#### [Required work]
Among the lines below, copy exactly those from the one with "Allure Black Velvet Chair C" through the one with "Disney animais bonitos", counting both ends.

#### [Records provided]
════════
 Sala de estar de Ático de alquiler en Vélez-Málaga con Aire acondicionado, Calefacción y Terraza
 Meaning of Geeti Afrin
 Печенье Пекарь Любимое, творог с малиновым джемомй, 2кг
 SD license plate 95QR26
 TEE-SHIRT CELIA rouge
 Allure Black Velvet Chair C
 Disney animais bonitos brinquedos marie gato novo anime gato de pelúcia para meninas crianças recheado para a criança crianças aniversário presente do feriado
════════
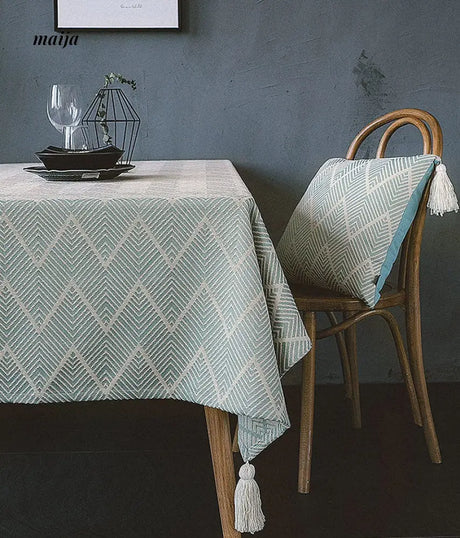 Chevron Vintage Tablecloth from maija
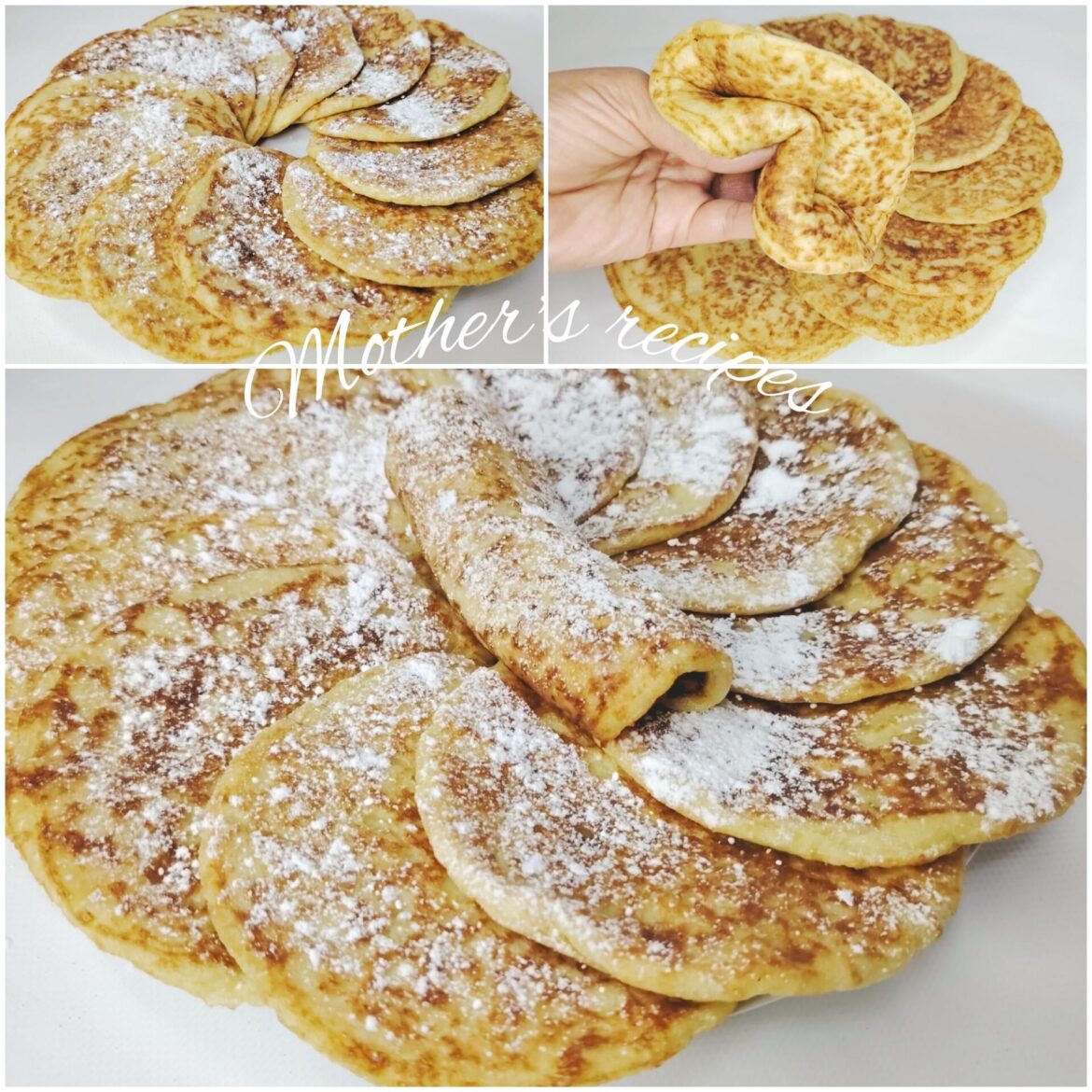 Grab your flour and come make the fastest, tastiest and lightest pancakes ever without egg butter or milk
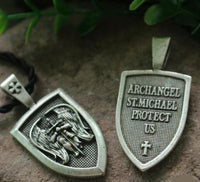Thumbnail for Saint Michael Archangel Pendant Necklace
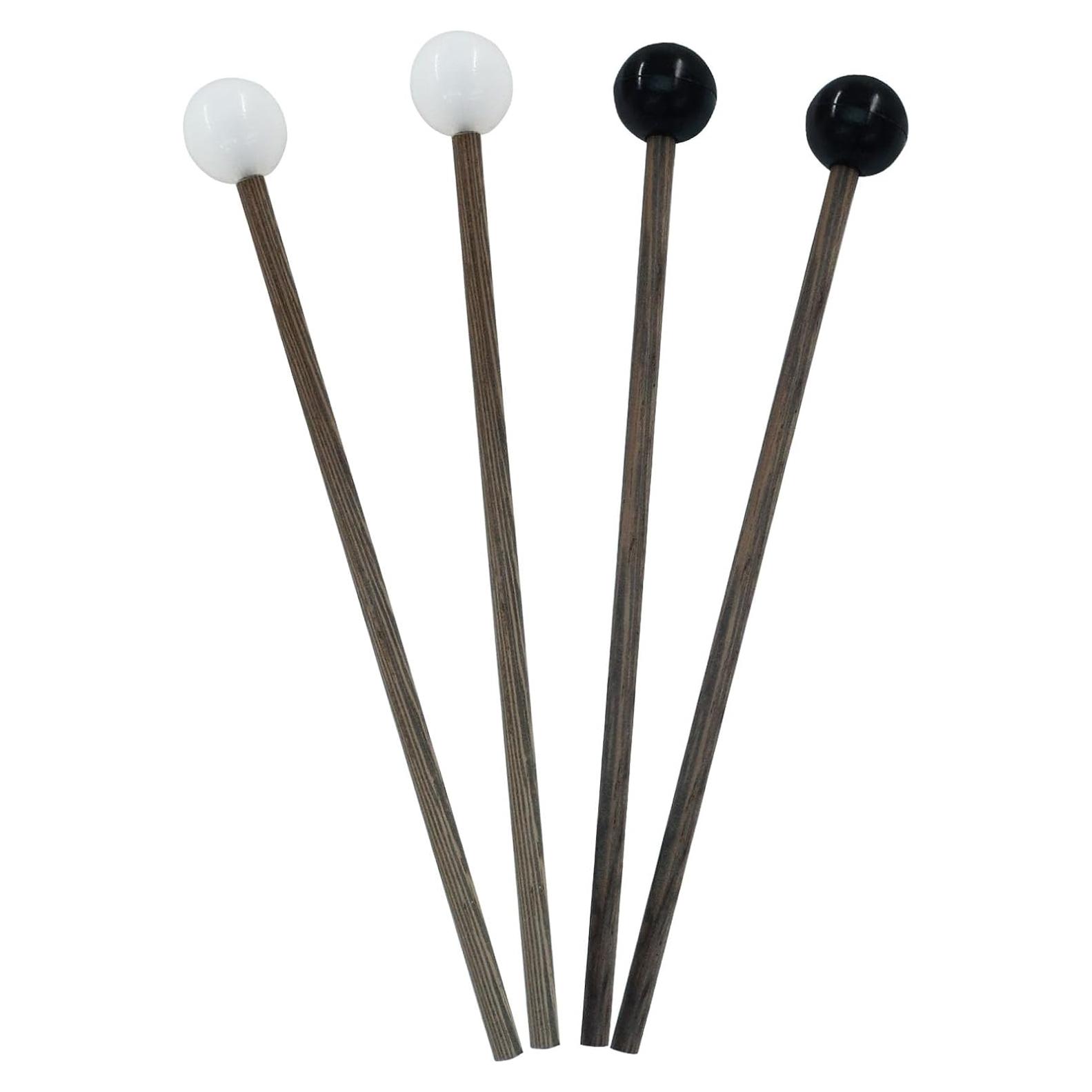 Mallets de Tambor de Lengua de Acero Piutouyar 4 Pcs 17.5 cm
════════
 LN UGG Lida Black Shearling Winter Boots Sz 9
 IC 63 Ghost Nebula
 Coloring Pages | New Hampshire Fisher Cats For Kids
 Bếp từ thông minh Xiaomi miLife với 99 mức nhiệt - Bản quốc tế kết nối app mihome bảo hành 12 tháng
════════
#### [Answer to this problem]
 Allure Black Velvet Chair C
 Disney animais bonitos brinquedos marie gato novo anime gato de pelúcia para meninas crianças recheado para a criança crianças aniversário presente do feriado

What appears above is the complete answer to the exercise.